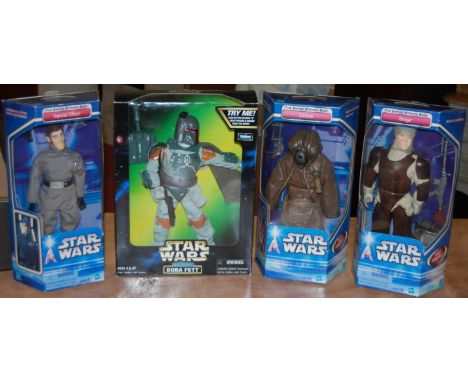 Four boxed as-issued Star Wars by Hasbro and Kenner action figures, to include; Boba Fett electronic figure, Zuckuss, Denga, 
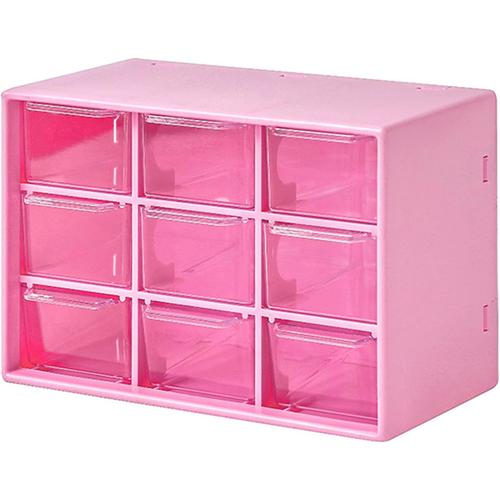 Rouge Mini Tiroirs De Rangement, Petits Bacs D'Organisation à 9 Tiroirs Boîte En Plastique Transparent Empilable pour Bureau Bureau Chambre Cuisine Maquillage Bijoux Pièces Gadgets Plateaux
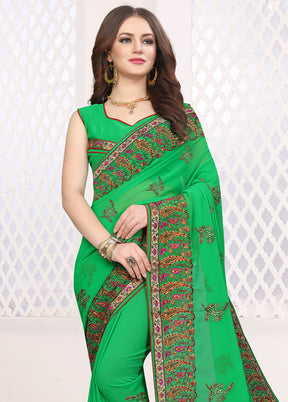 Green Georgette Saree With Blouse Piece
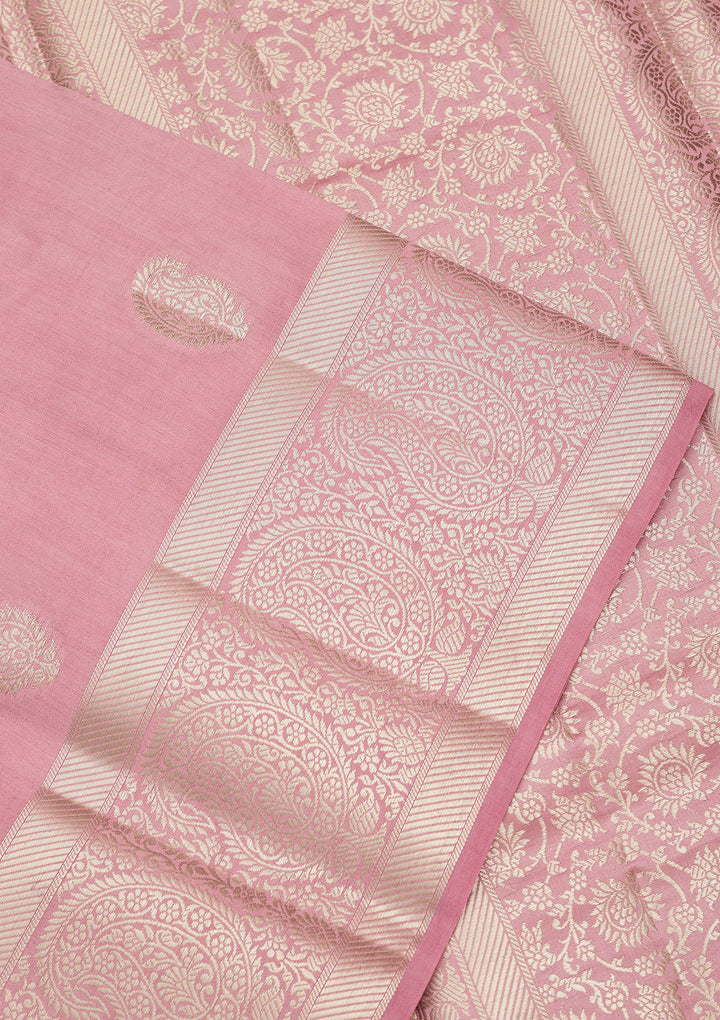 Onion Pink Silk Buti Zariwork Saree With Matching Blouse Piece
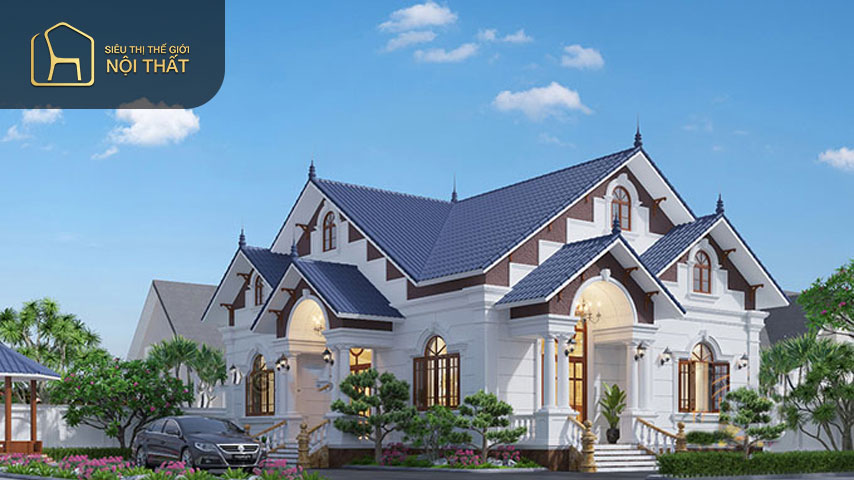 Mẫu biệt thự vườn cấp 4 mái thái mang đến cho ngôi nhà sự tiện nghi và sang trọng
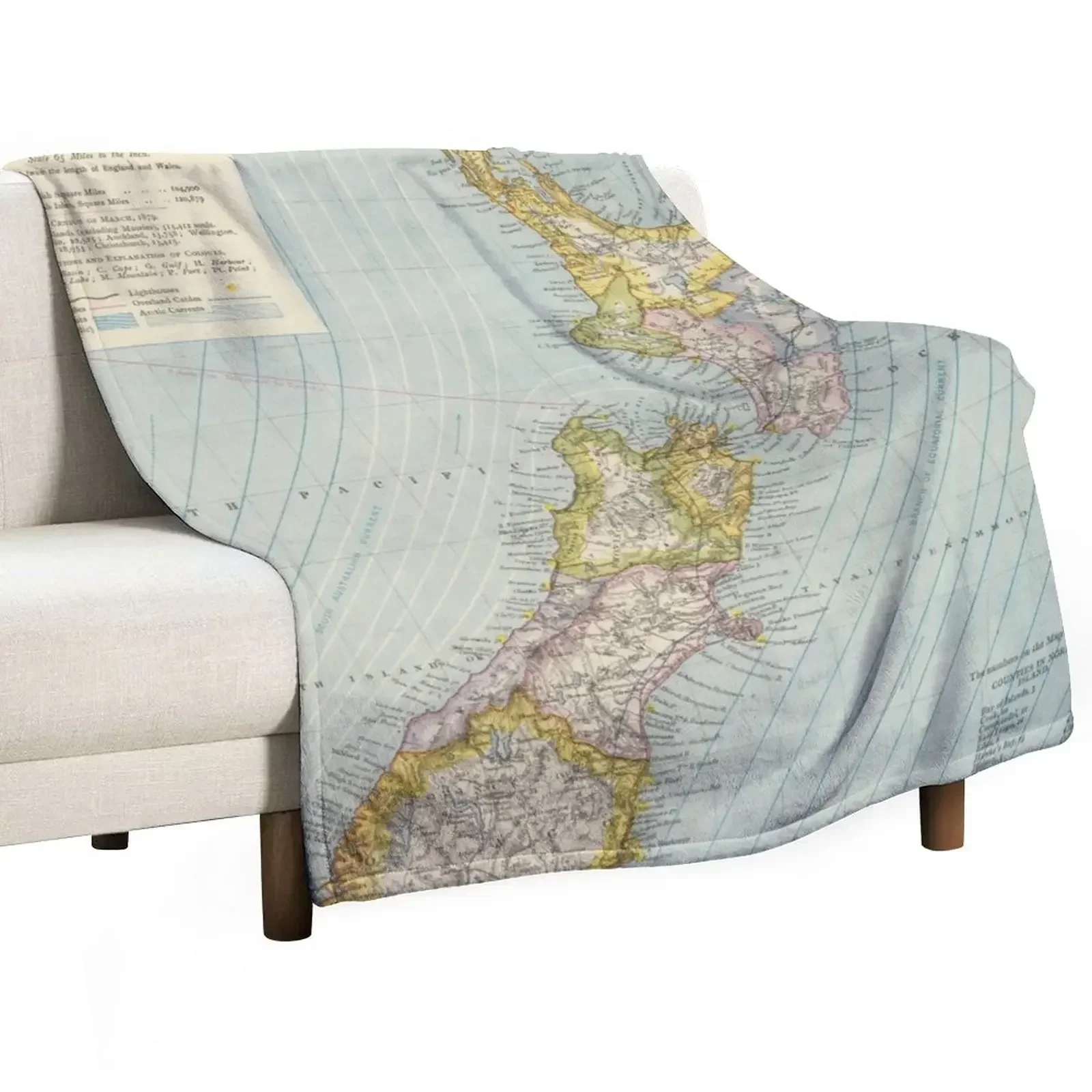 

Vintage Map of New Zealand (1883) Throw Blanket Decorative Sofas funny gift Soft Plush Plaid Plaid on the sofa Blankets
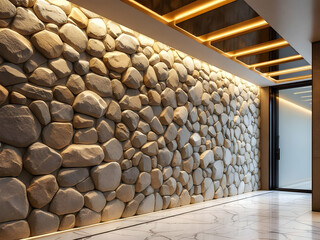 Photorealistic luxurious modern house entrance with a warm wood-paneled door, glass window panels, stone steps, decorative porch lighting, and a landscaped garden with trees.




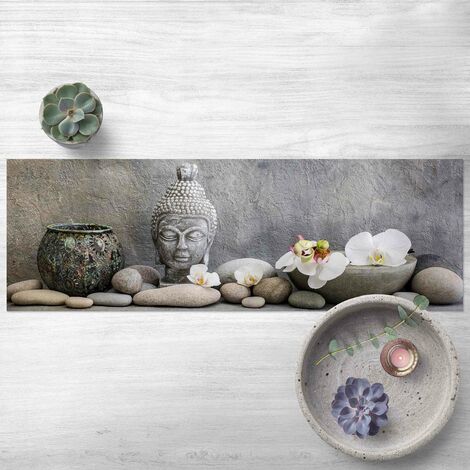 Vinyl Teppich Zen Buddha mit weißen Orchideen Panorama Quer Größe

*Task*
What is needed is a verbatim copy of the lines from the line with "Rouge Mini Tiroirs" through the last line of the listing, pictures excluded.

*Answer section*
 Rouge Mini Tiroirs De Rangement, Petits Bacs D'Organisation à 9 Tiroirs Boîte En Plastique Transparent Empilable pour Bureau Bureau Chambre Cuisine Maquillage Bijoux Pièces Gadgets Plateaux
 Green Georgette Saree With Blouse Piece
 Onion Pink Silk Buti Zariwork Saree With Matching Blouse Piece
 Mẫu biệt thự vườn cấp 4 mái thái mang đến cho ngôi nhà sự tiện nghi và sang trọng

Vintage Map of New Zealand (1883) Throw Blanket Decorative Sofas funny gift Soft Plush Plaid Plaid on the sofa Blankets
 Photorealistic luxurious modern house entrance with a warm wood-paneled door, glass window panels, stone steps, decorative porch lighting, and a landscaped garden with trees.




 Vinyl Teppich Zen Buddha mit weißen Orchideen Panorama Quer Größe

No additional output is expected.